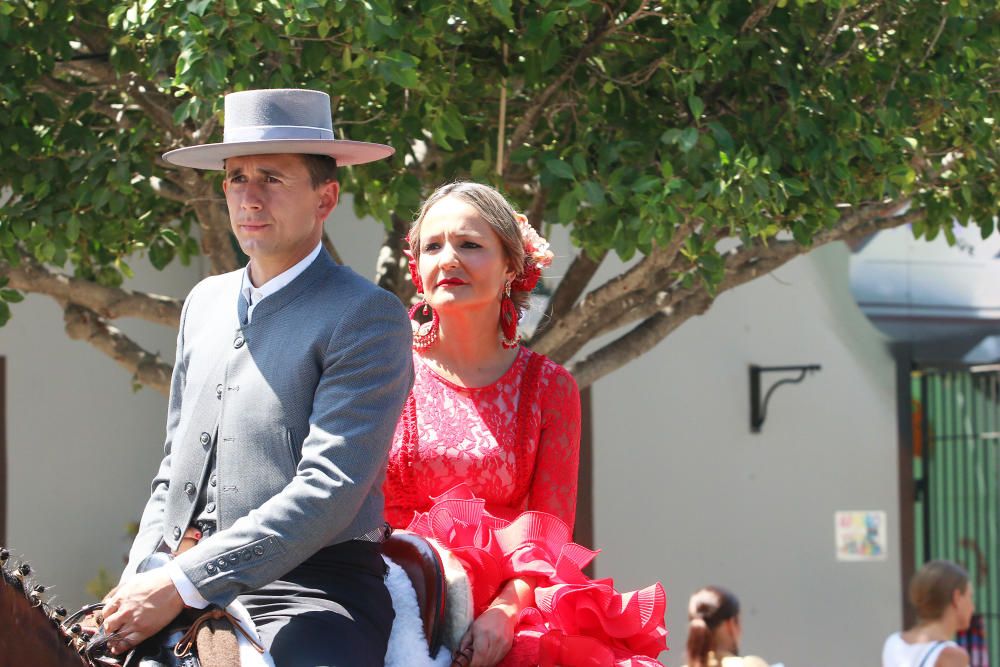 Caballos en el Real de la Feria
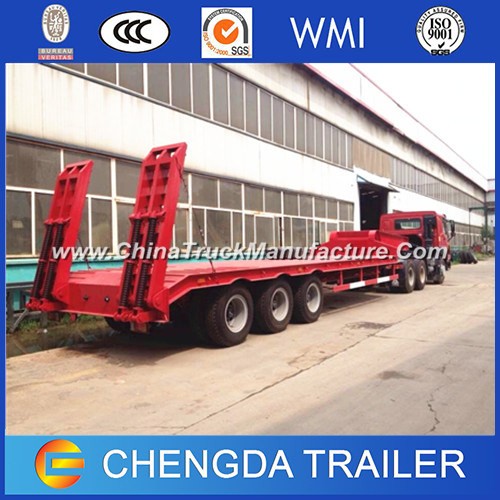 Promotion 60ton Low Bed Semi-Trailer /Tri-Axles Low Bed Trailer Truck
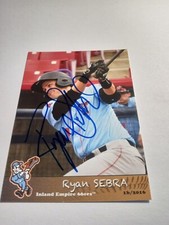 2016 Inland Empire 66ers (Class A-Los Angeles Angels) Ryan Sebra Autographed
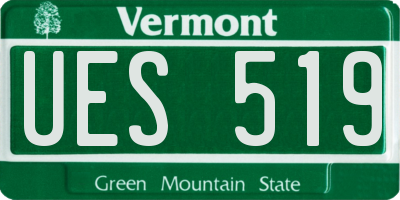 VT license plate UES519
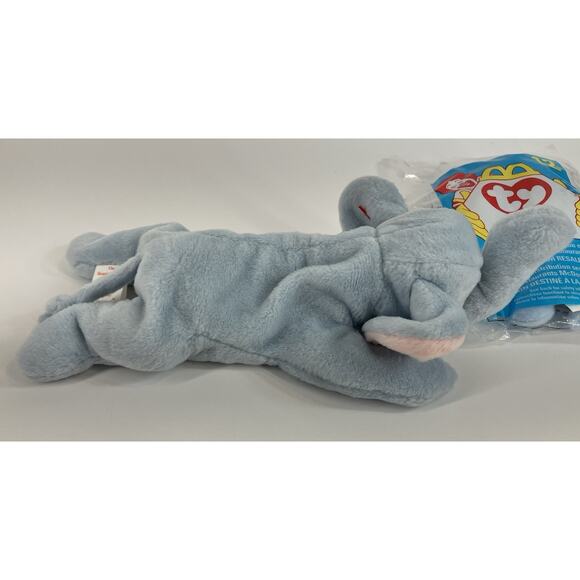 Ty Beanie Babies Bundle (2pcs) Peanut The Elephant And Peanut McDonald’s Toy - Picture 6 of 13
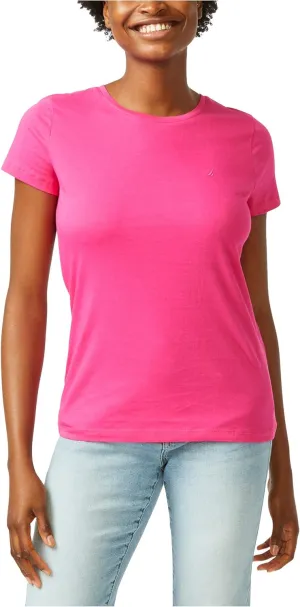 Nautica Women's Classic Fit Crew-Neck J-Class T-Shirt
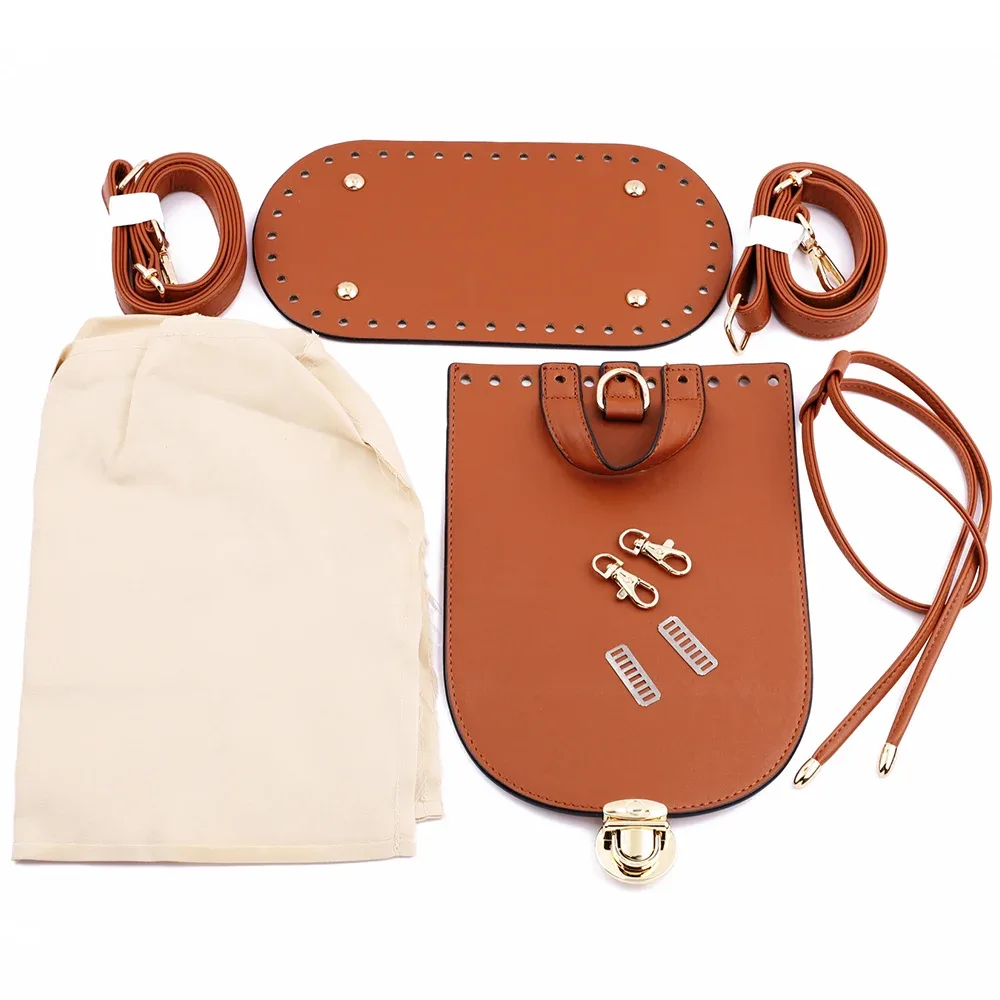 sac dos cuir motif points dorés ovale poignée dore bouton pression voyage usage couture personnalisation accessoires tissé bricolage
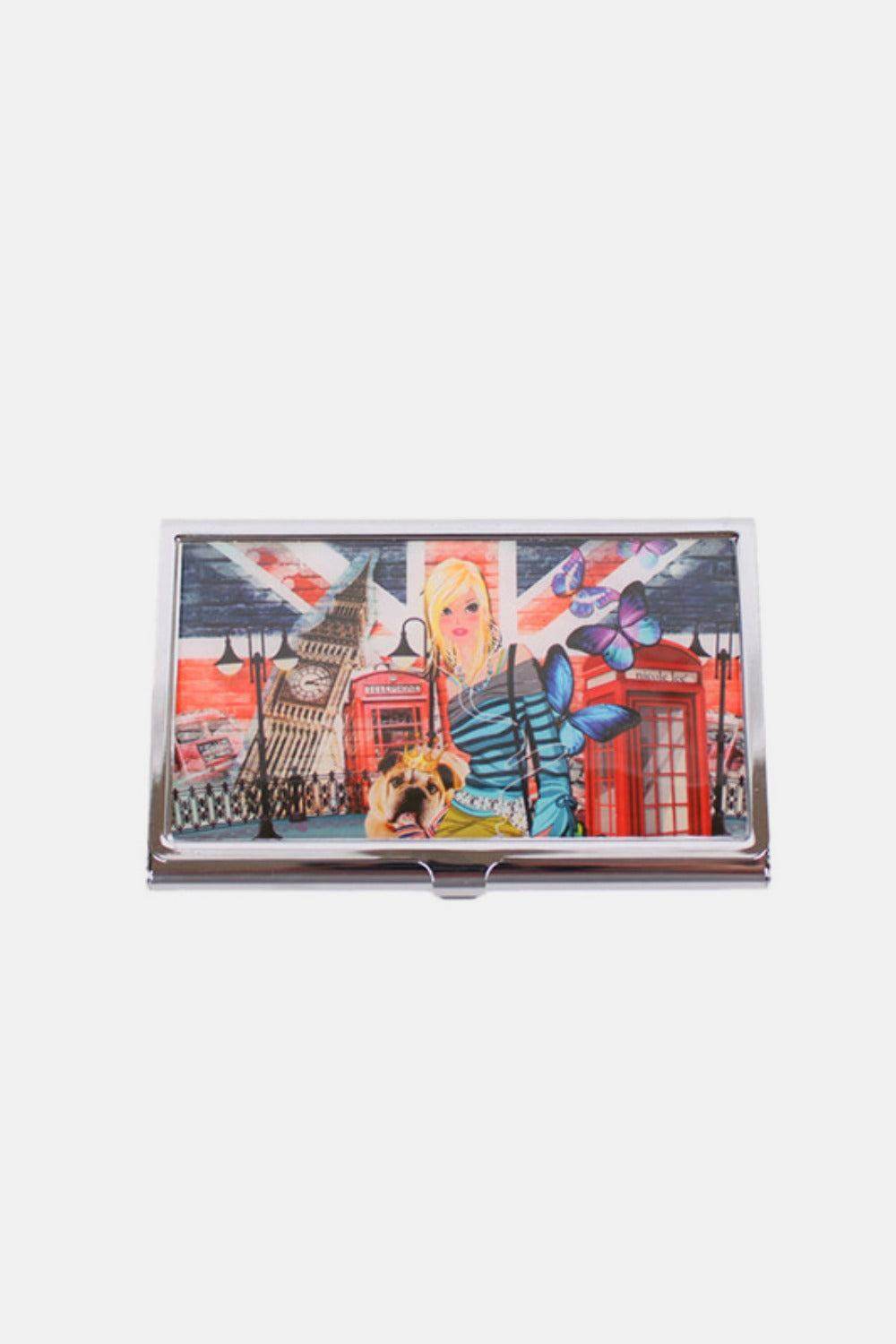 Nicole Lee USA Printed Business Card Case - Purcell's Clothing Company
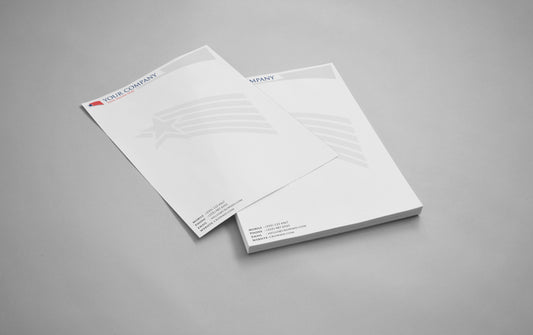 Corporate Identity Letterhead Printing (500 Sheets) – 28 lb Bright White | LHD10
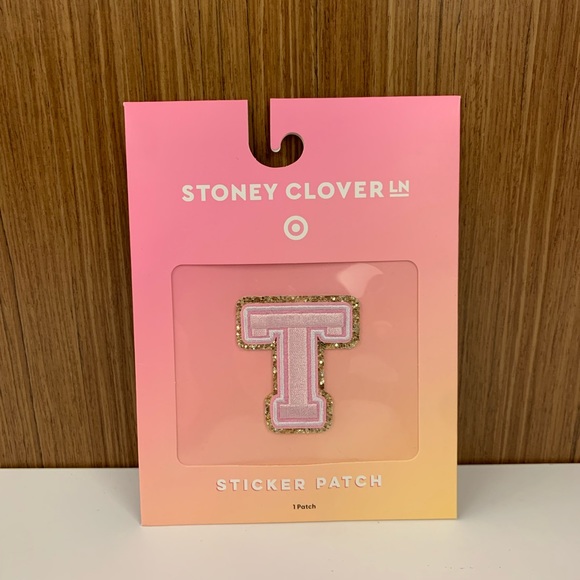 Stoney Clover Lane x Target Light Pink Letter T Patch NIB - Picture 5 of 5
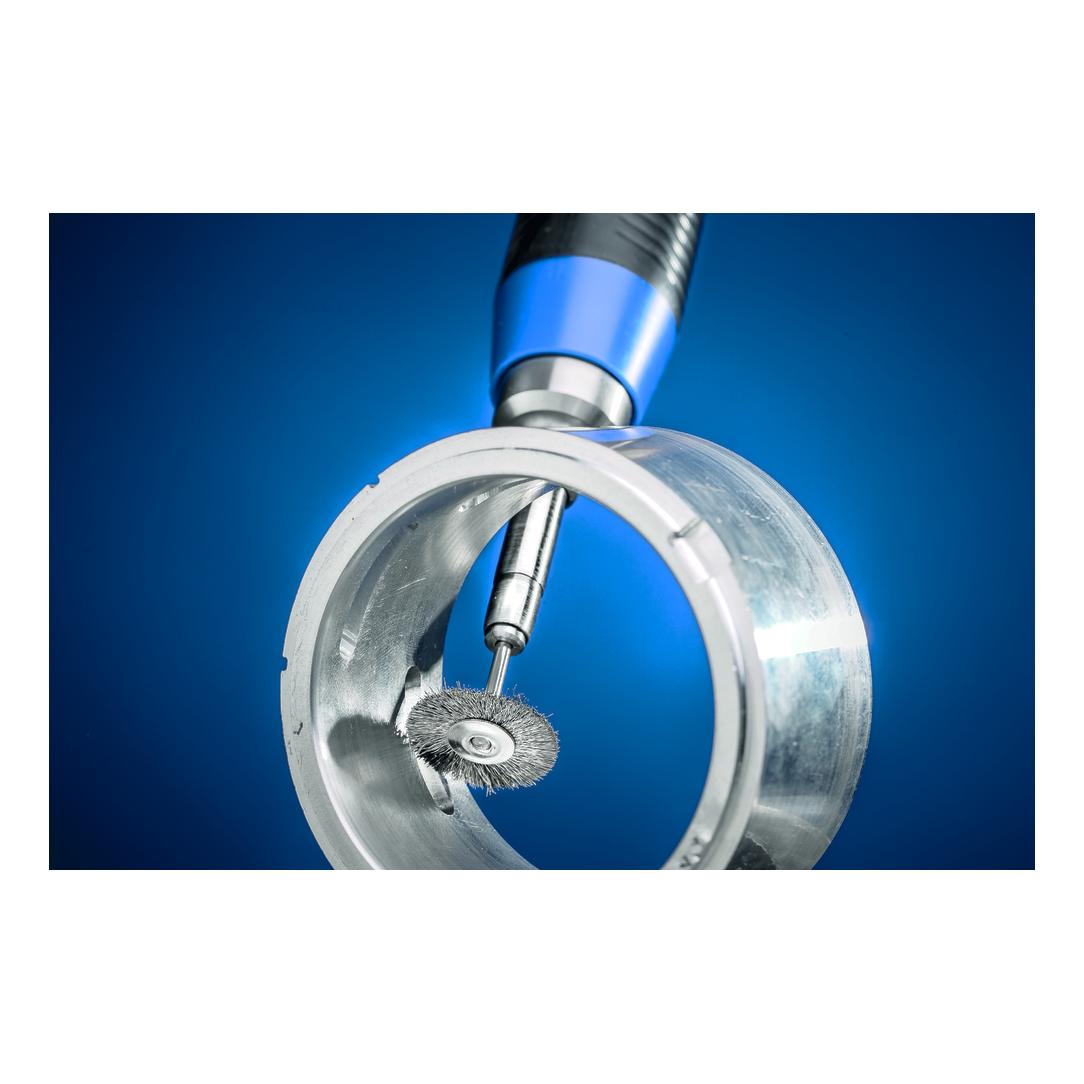 Thumbnail - Pferd, Schleifmittel, Minirundbürste RBU 2202/3 MES 0,10 D22xB2xL6mm Messing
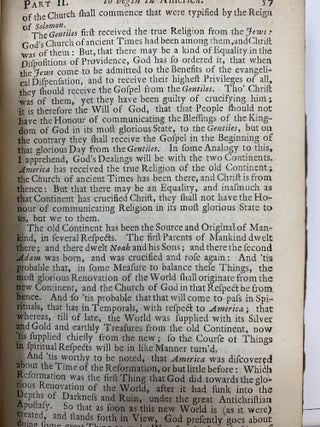 SOME THOUGHTS CONCERNING THE PRESENT REVIVAL OF RELIGION IN NEW-ENGLAND, AND THE WAY IN WHICH IT OUGHT TO BE ACKNOWLEDGED AND PROMOTED; HUMBLY OFFER'D TO THE PUBLICK IN A TREATISE ON THAT SUBJECT, IN FIVE PARTS; Part I. Shewing that the Work that has of late been going on in that Land, is a glorious Work of God; Part II: Shewing the Obligations that all are under, to acknowledge, rejoice in and prmote this Work; and the great Danger of the contrary; Part III: Shewing, in many Instances, wherein the Subjects, or zealous Promoters, of this Work have been injuriously blamed; Part IV: Shewing what Things are to be corrected or avoided in promooting this Work, or in our Behaviour. under it; Part V: Shewing positively what ought to be done to promote this Work.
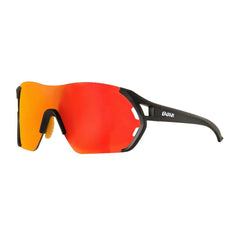 Gafas de Ciclismo Eassun Veleta Matt BLK Frame-Red Revo LENS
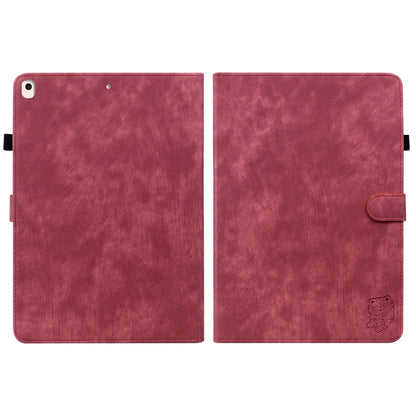 Tiger Pattern PU Tablet Case With Sleep / Wake-up Function For iPad 10.2 2019/Air 2019 10.5/10.2 2020/2021(Red) - iPad 10.2 Cases by buy2fix | Online Shopping UK | buy2fix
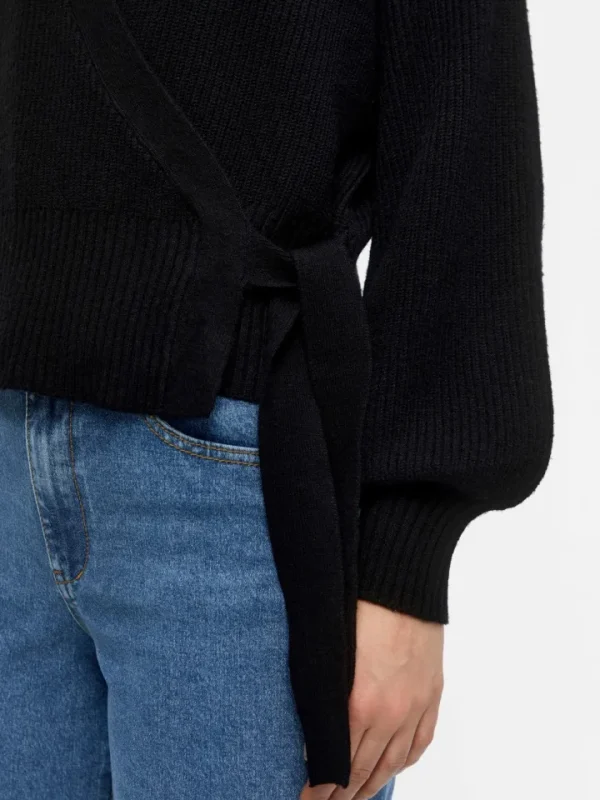 Object Jumpers & Cardigans<Ena Wrap Cardigan (Black)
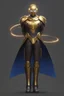 Placeholder: Golden Robot, Heavenly Angel Characteristcics, Sorcerer Supreme, Cloak, Humanoid, Halo Ring on his back.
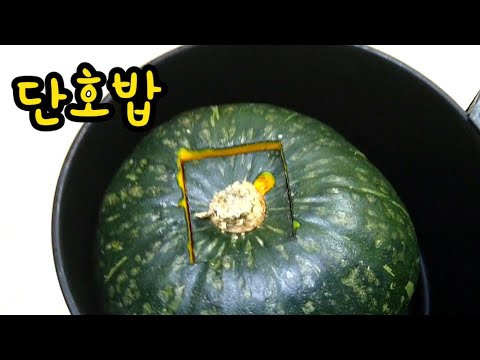 Korean Food, Aerial Fried Sweet Pumpkin Diet Nutrition Rice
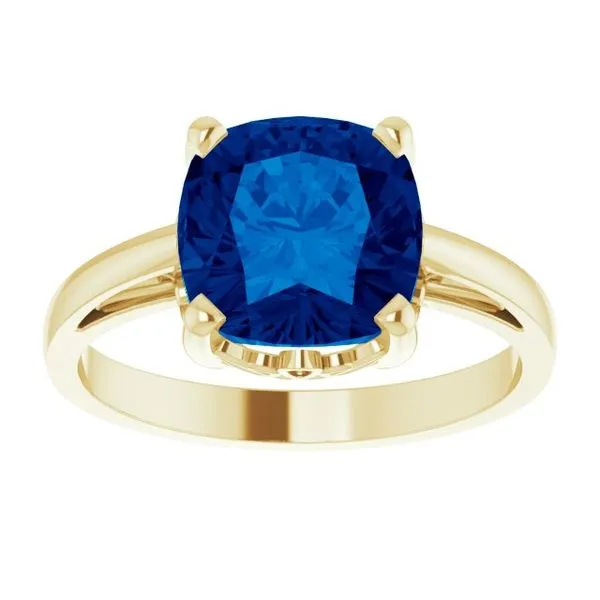 Cushion Scroll Setting® Ring Image 3 Henry B. Ball Jewelers Canton, OH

### Exercise requirements
Write out again, word for word, the lines from the one holding "Object Jumpers &" through the final line of the listing, including both ends but no pictures.

### Answer to this exercise
 Object Jumpers & Cardigans<Ena Wrap Cardigan (Black)
 Placeholder: Golden Robot, Heavenly Angel Characteristcics, Sorcerer Supreme, Cloak, Humanoid, Halo Ring on his back.
 Korean Food, Aerial Fried Sweet Pumpkin Diet Nutrition Rice
 Cushion Scroll Setting® Ring Image 3 Henry B. Ball Jewelers Canton, OH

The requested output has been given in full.